While the bill was approved last year by the state’s legislature, the approved expansion had been stalled until recently. According to Senate Bill 558A, the foreclosure mediation program would widely apply to all of the state’s intended foreclosures that are filed in the courts. Before the expansion, while a majority of the state’s foreclosures and foreclosure negotiations between lenders and homeowners occurred outside the court system, some mediation proceedings had to be shifted back to the courts due to the failure on behalf of lenders to provide adequate documentation.

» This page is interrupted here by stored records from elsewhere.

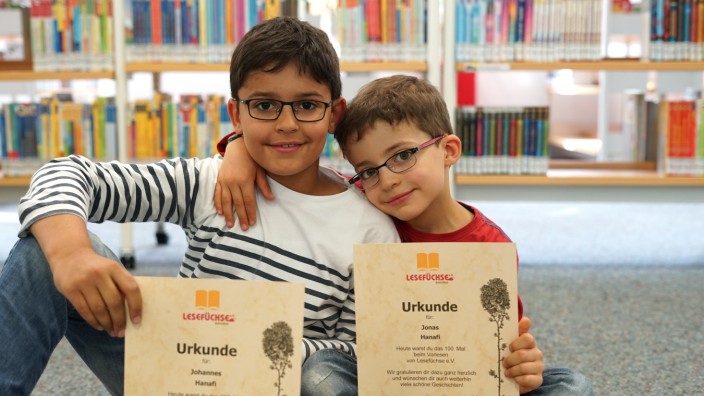Laim: Lese-Jubiläum: Johannes und Jonas Hanafi (von links) sind von den Lesefüchsen für 200 und 100 Besuche bei der Vorlesestunde ausgezeichnet worden.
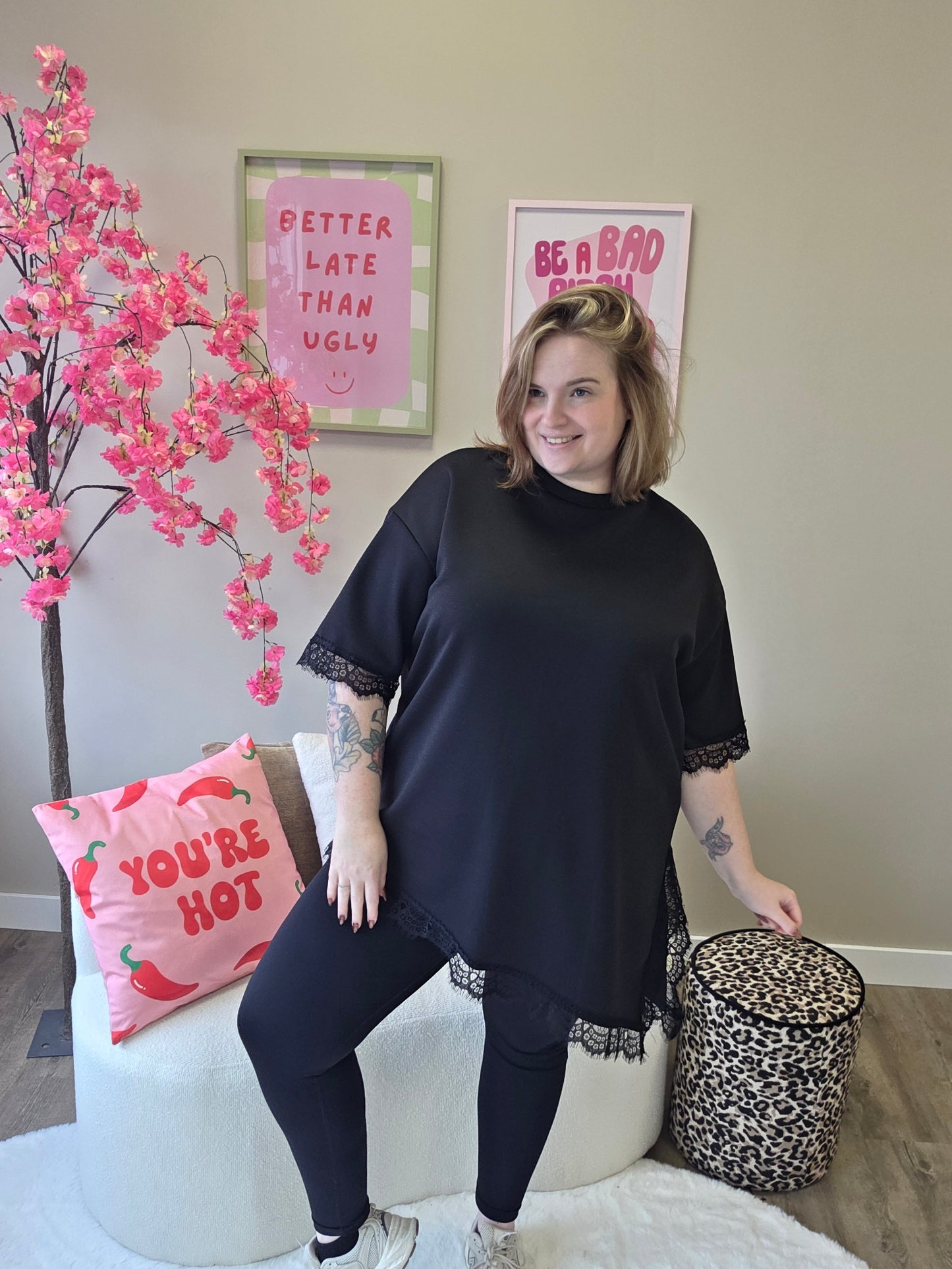 T-Shirt met kant schuin (In 4 kleuren)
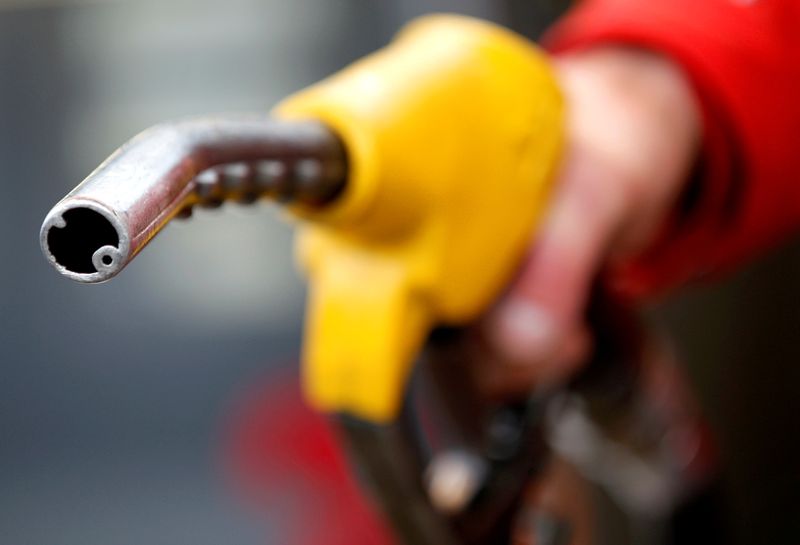 Preço médio do diesel nos postos sobe na semana, diz ANP; gasolina e etanol recuam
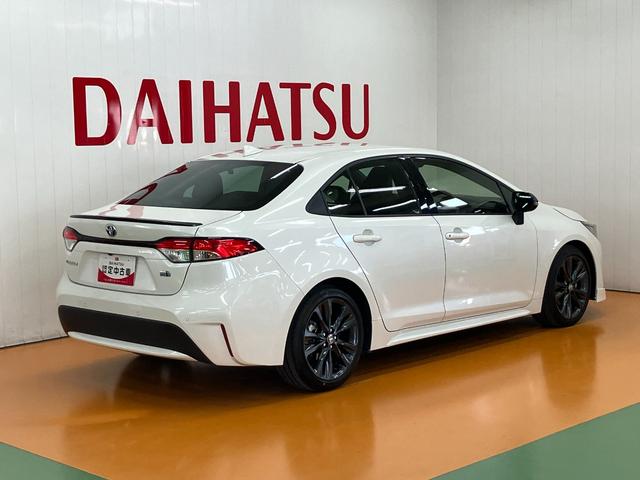 カローラハイブリッド　ダブルバイビー衝突被害軽減ブレーキシステム　ドラレコ　Ｂカメラ　マルチメディアオーディオ　ステアリングスイッチ　クルーズコントロール　シートヒーター　ワイヤレス充電器　電動パーキングブレーキ　ＳＯＳスイッチ（神奈川県）の中古車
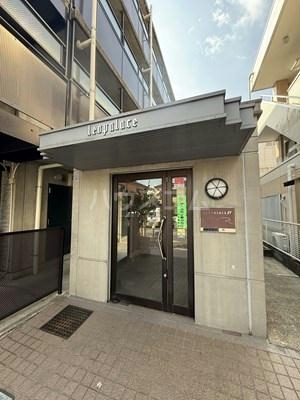 17/26 エントランス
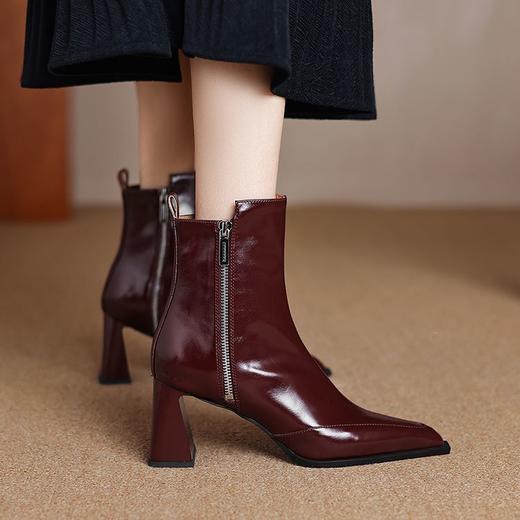 【预售5天】尖头高跟靴女秋冬季保暖英伦风职业马丁靴洋气粗跟短靴SLLK&sl-7856 商品图1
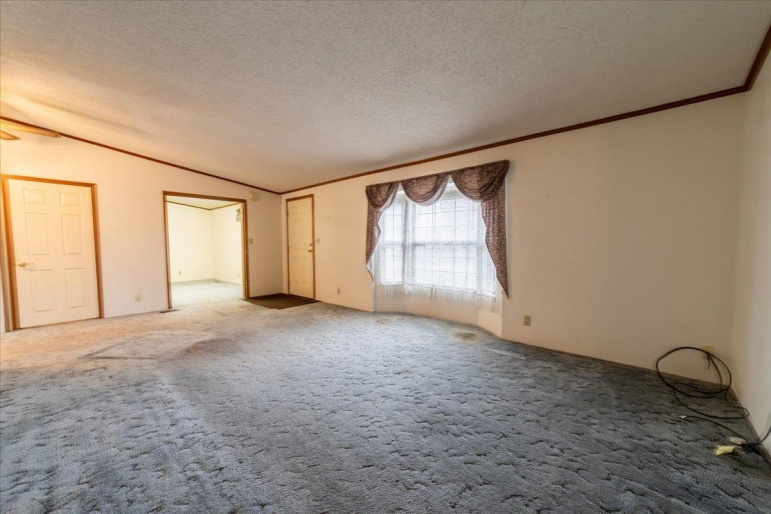 210 W 5th Street Juniata, Nebraska 68955-0000, 3 Bedrooms Bedrooms, ,2 BathroomsBathrooms,Residential,For Sale,210 W 5th Street,20251308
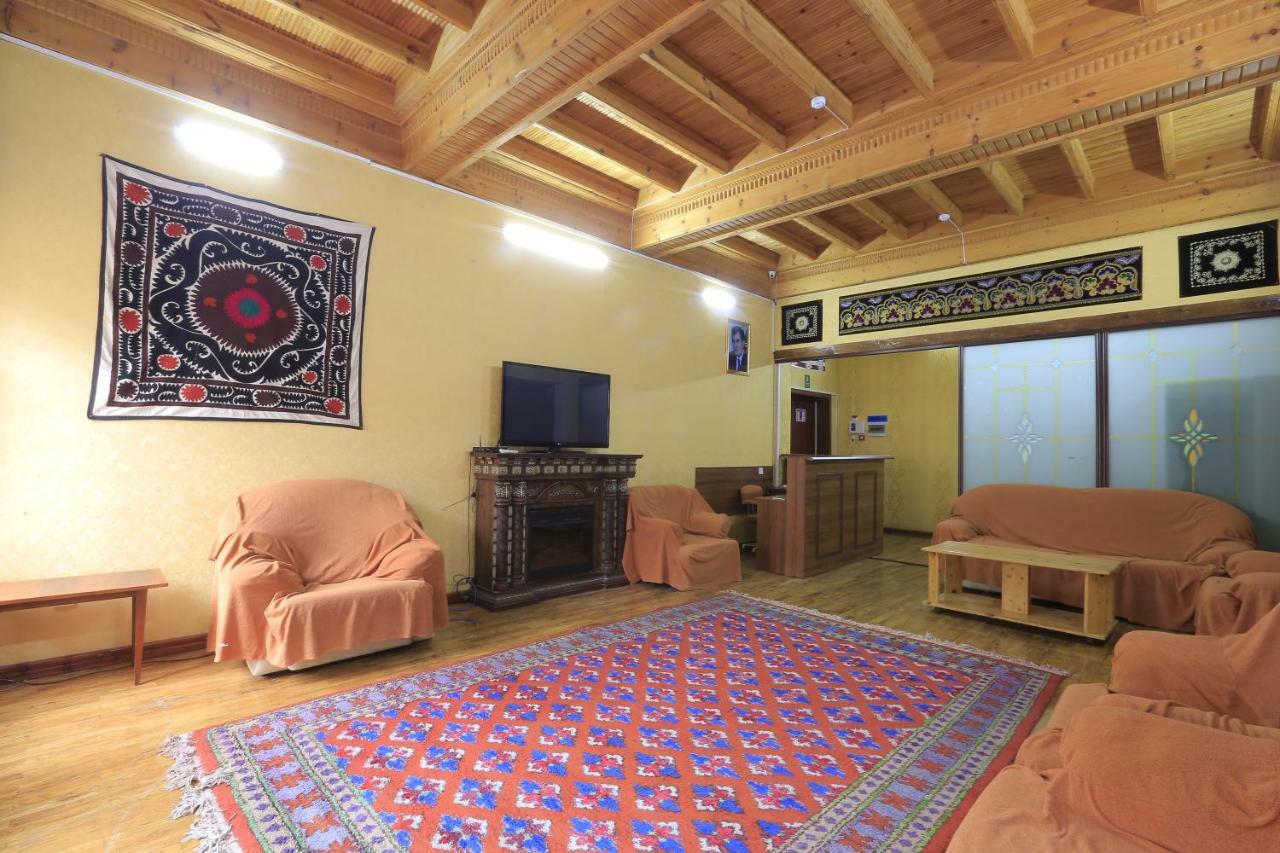 Yellow Hostel Dushanbe Exterior foto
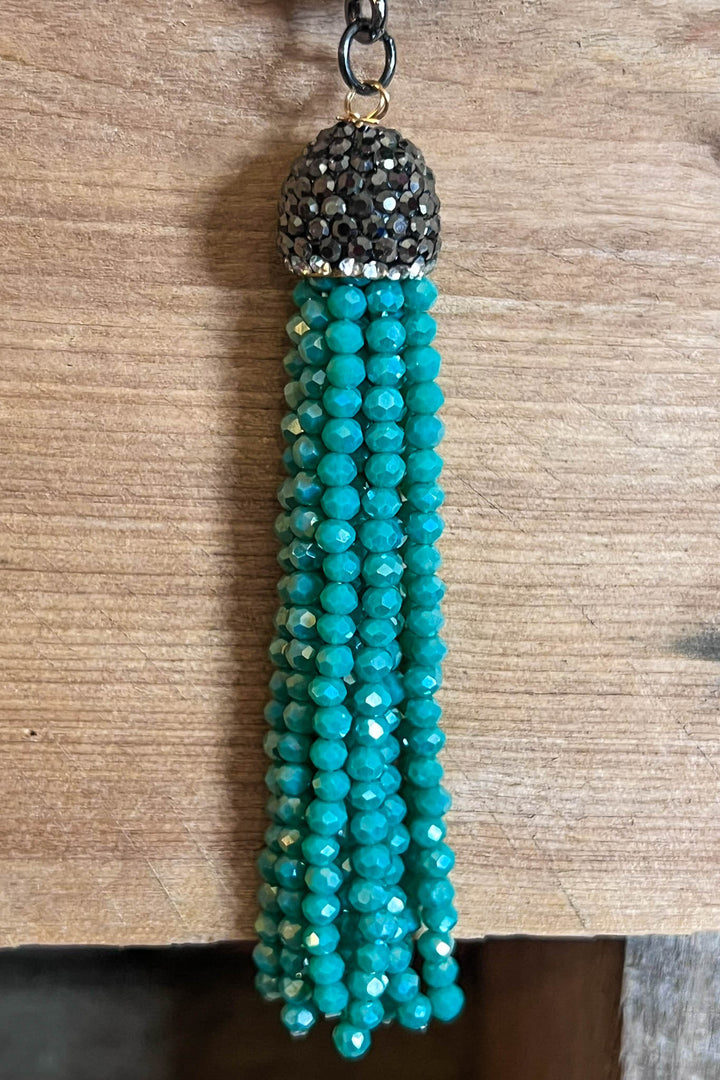 MAGICAL ENERGY CRYSTAL LONG NECKLACE IN GREEN EMERALD COLOR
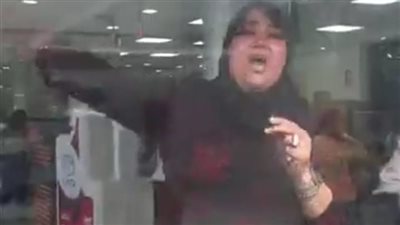 احتجاز سيدة داخل فرع تويوتا بالعباسية ومنع دخول باقي العملاء المتضررين: اضربت علشان بطالب بحقي │ بث مباشر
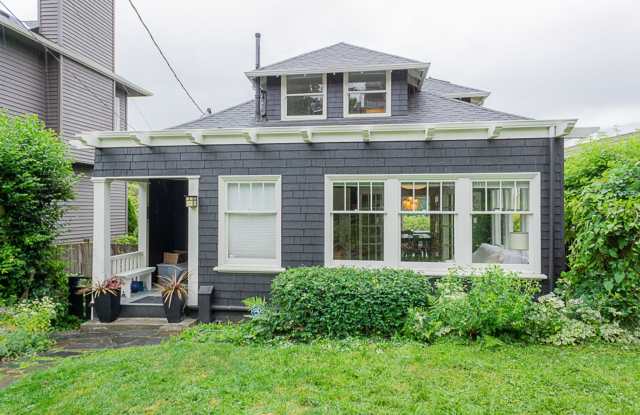 4bd/2.5ba Seattle Home photos photos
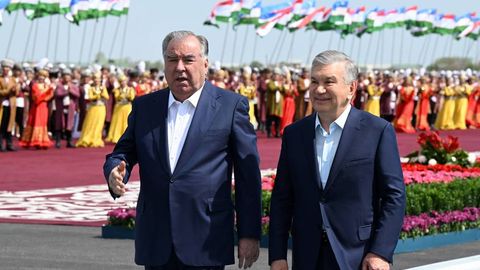 O‘zbekiston va Tojikiston prezidentlari Buxoroga keldi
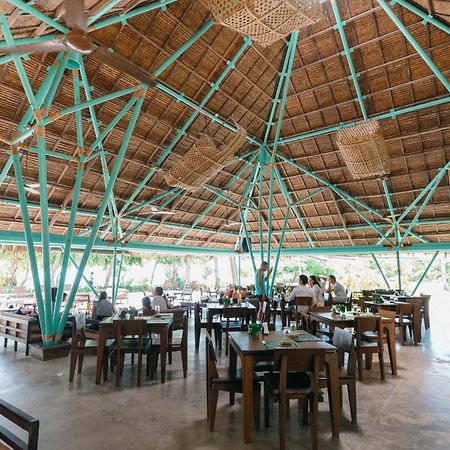 Bravo Beach Resort General Luna  Exterior photo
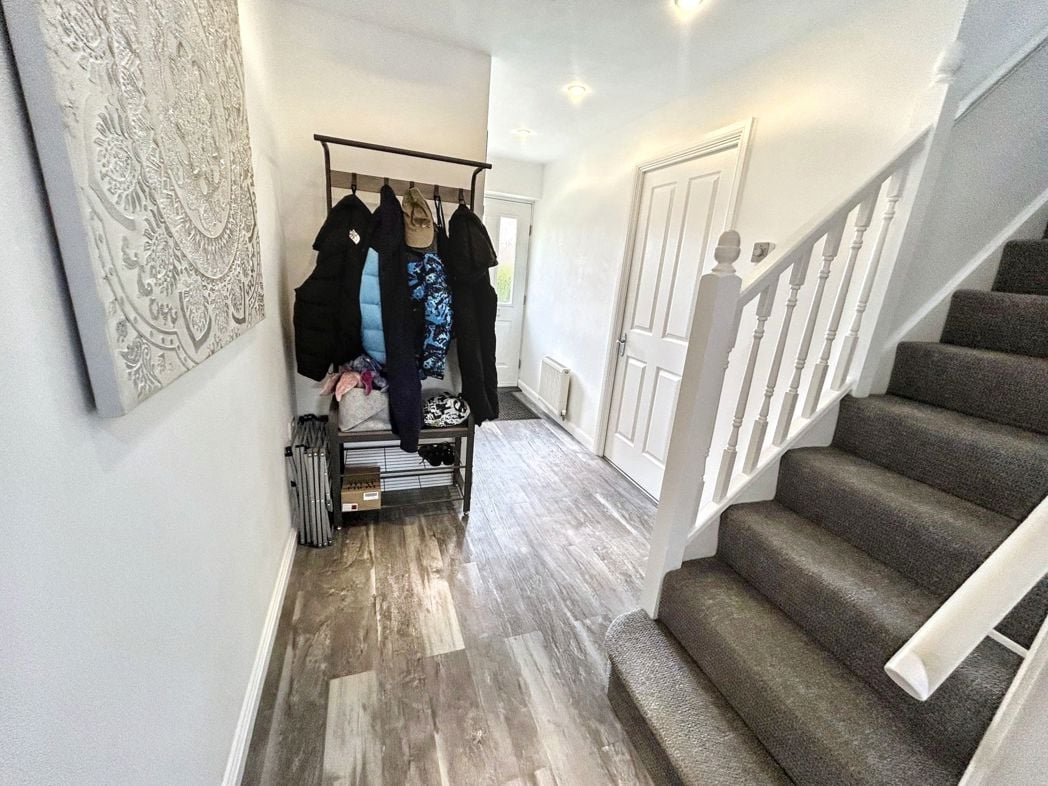 Property image 9 of 27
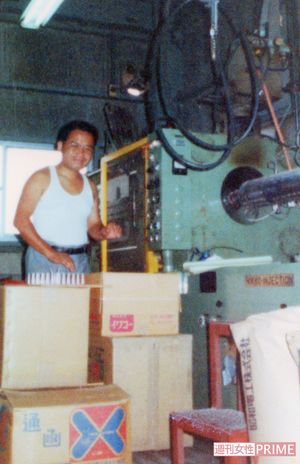 プレハブから創業したイワコー。かつては機械の使い方がわからず、失敗を繰り返しながらひとり黙々と研究を続けていたという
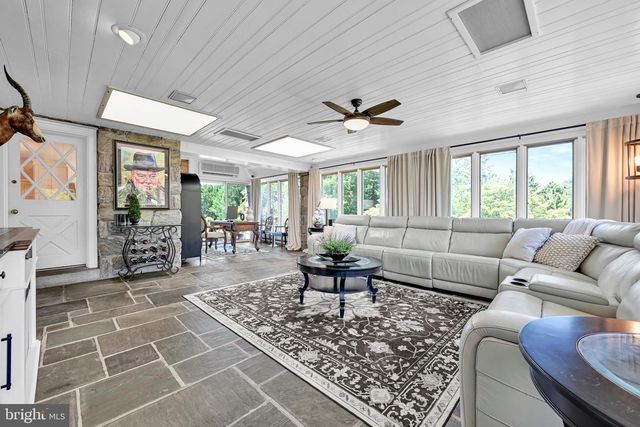 98 HIGHLAND AVE, Ephrata, PA 17522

Upon learning of the vast numbers of mediation cases in which lenders could not provide the proper documentation, the Oregon Court of Appeals ruled that any foreclosure without proper documentation must be handled by the courts rather than through foreclosure mediation. This ruling is what sent so many foreclosure mediation proceedings back to court documents, despite the state’s legislated foreclosure mediation program. This most recent expansion is aimed at pulling those cases back into mediation—with or without the required documentation.